Suddenly, she was on her knees, clutching at my jeans. "And 'tis you who have rekindled that faith! 'Tis you who have cured my soul of the curdled anger called hatred, that did drag it down! 'Tis you who have freed me to suffer for the right and seek to aid my fellow creatures! Oh, a thousand thanks, young Wizard, and a thousand blessings!" Then she remembered herself and dropped her hands. "If the blessings of a corrupted soul may be of benefit to you."

I was hugely relieved. I just don't like having things clutching at me-unless they're young, female, and shapely; and even then I'm wary. This one may have been female, but she was anything but beautiful, and I could have sworn she was growing older by the second.

"Your soul shines like newly minted silver," my angel said.

I looked up at him, startled.

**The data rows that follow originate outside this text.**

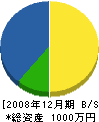 下田工務店 貸借対照表 2008年12月期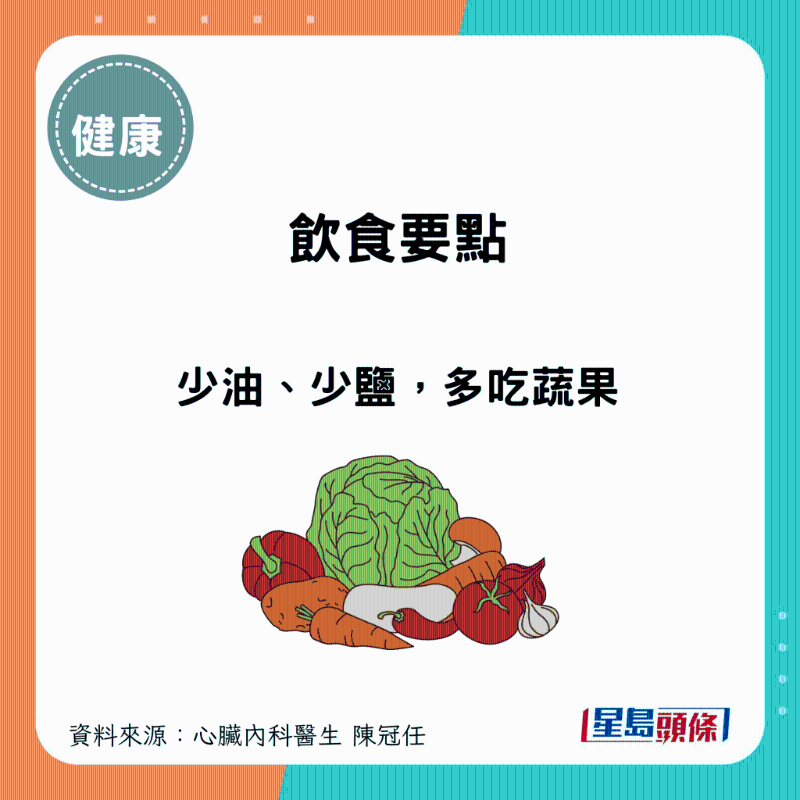 飲食要點
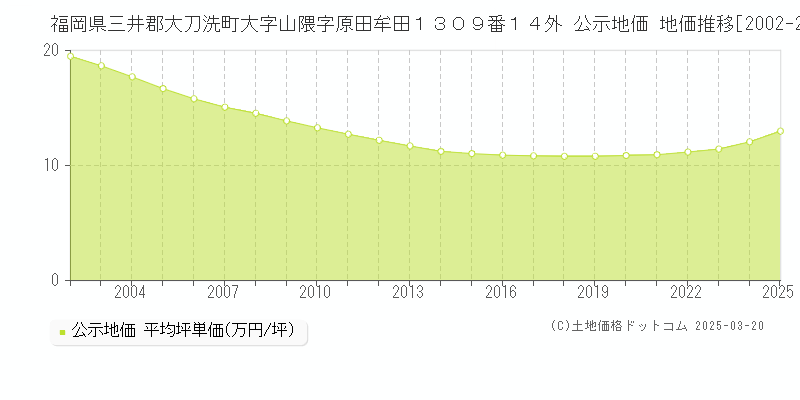 福岡県三井郡大刀洗町大字山隈字原田牟田１３０９番１４外 公示地価 地価推移[2002-2025]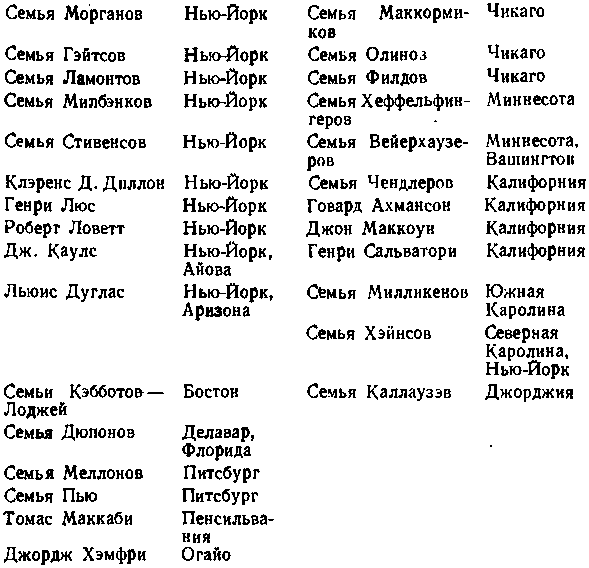 США: собственность и власть img_40.png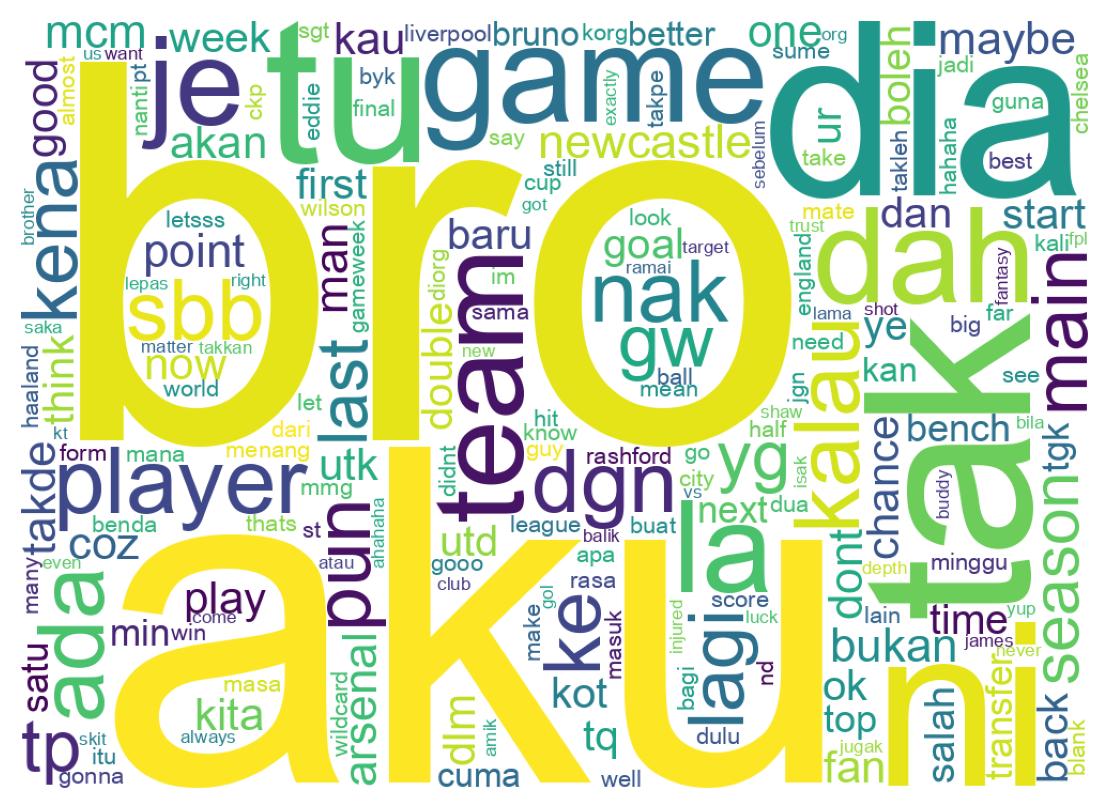 Wordcloud of tweets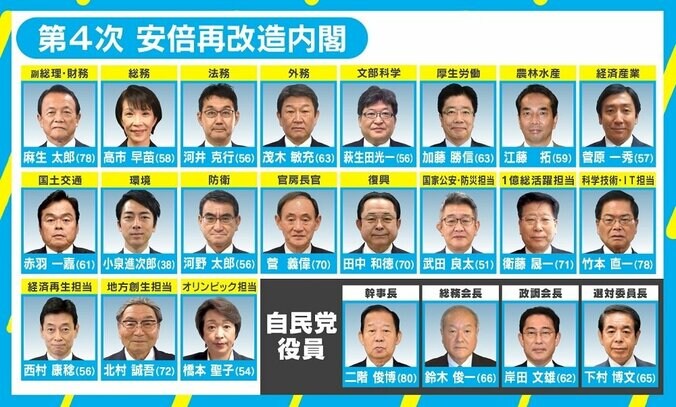 今回の内閣改造は“ポスト安倍いっぱい内閣”？ 外務大臣を河野氏から茂木氏に、小泉進次郎氏起用の狙いは 2枚目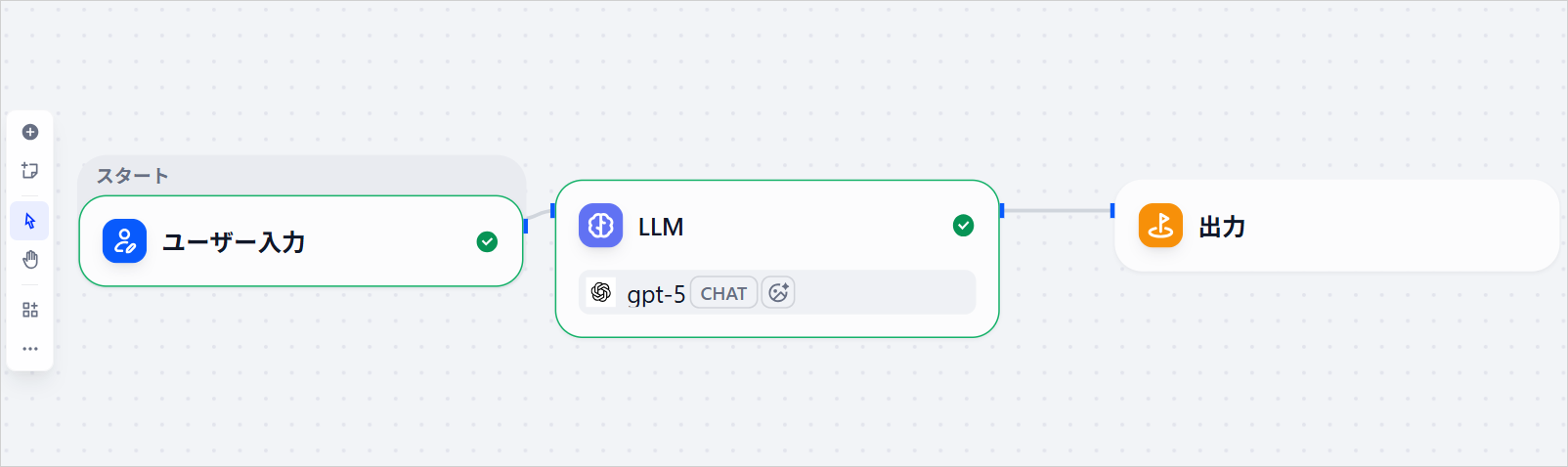 ノーコードでAIエージェントの流れを作るDifyのワークフロー編集画面。スタート・LLM・出力を線でつないだ構成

Compliments were one thing, but this ...

Then I realized he was prompting me. "Say it yourself," I snapped.

"No way am I going to deliver a line like that!"

"To whom do you talk? " Sobaka quavered.

I looked down at her, then looked up quickly at the angel. No, he was still there. "Him," I said, pointing. "Can't you see?"

She looked where I was pointing, and fear creased her wrinkled face, not that it made much difference. "Nay," she said. "There is none there."

"Well, there is," I sighed, "even if he's invisible to you."

"A familiar!" Her tones quaked.

"No, an angel," I said quickly, and started improvising; anything to give her the guts to keep going. "You've got one, too, and he-"

"She," my angel prompted.

"She," I corrected. Maybe the Quakers had been right. "She is watching you every second."

Sobaka glanced around her, fear turning into wonder on her face.

"Can you see her?"

"No," I said, "but she's there."

"She is very happy just now," my angel informed me.

"She's very happy just now," I told Sobaka. "Don't make her sad again, okay?"

"Oh, I shall not!" She turned away, heading off downslope. "Oh, bless you, unseen angel, for never having despaired of me! Oh, stand by me and lend me strength, for I now must undergo the strongest trials of my life!" She turned back to call to me. "Ever shall I praise you in my prayers, healer of my soul!"

I shuddered, but managed to fake a smile. "Pay it back to other people," I called. "You don't have much time left. Better get busy.

" "I shall! Oh, I shall!" And she headed off down the hill, caroling her joy.

I winced; a singer, she wasn't. "At the rate she's aging," I muttered, "I don't think she'll even make it to the bottom of the hill."

"Even if she dies, she will be on the road to Heaven," my angel assured me. "Her angel thanks you, too."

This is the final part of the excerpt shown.